For "paid" which is either yes (1) or no (0) - we have a default of no (0)- it's saying that if you insert data and don't specify 'paid' as a column when you INSERT data, it will assume you meant 'no'.
For 'invoice_date_time' you must store the data in the form of a combination of date and time. It has a 'not null' constraint which means that you have to give a datetime when you insert data, it will refuse to let you insert an invoice without specifying invoice_date_time and refuse to let you explicitly give your invoice_date_time as null.

Note: For the sake of simplicity we will be using the YYYY-MM-DD date format.

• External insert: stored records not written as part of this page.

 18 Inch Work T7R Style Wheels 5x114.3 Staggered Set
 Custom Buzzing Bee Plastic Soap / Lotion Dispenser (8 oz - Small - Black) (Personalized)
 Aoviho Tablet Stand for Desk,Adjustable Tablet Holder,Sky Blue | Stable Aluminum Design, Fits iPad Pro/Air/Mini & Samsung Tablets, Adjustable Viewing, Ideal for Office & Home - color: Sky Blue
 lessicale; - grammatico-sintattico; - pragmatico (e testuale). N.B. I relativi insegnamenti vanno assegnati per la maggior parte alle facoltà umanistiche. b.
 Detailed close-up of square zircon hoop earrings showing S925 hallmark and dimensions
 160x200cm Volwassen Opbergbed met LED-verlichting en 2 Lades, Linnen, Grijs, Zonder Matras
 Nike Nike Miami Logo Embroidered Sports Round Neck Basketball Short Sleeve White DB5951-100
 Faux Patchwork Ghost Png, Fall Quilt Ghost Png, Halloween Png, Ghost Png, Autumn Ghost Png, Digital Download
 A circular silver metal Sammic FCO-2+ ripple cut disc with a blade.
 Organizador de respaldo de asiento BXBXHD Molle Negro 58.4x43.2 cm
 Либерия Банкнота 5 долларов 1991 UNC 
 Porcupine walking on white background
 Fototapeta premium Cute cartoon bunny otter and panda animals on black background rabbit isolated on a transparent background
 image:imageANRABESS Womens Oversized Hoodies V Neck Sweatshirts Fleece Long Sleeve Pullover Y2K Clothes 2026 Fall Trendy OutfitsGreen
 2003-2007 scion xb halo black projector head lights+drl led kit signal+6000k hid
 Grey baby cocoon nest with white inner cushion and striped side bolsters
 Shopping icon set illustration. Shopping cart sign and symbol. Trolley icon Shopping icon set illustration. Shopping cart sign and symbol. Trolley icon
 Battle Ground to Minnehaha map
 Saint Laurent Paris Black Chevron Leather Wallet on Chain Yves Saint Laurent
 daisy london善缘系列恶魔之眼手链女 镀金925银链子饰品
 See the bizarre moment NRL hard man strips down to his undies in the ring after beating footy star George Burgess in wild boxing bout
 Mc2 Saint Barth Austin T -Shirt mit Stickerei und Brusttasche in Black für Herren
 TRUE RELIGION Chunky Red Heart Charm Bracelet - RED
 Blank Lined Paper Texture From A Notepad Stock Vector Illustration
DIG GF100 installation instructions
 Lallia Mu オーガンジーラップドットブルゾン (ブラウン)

EXERCISE 1D : Data types and directives

In your "hotel.sql" create a reservations table with columns for customer ID, room ID, check in date, check out date and price per night and insert a bunch of example data - maybe you and 10 friends or celebrities.

The hotel manager has told you:

Customers do have to give a check in date, but they don't have to give a check out date.
Reservations need a customer ID and a room ID
Reservations have a check in date, a check out date and a price per night.

LESSON 1E : SELECT

Currently we've just put data in to a table and gotten all of it out. What about if we only want specific data?

For this we will introduce a SQL key word called 'WHERE'.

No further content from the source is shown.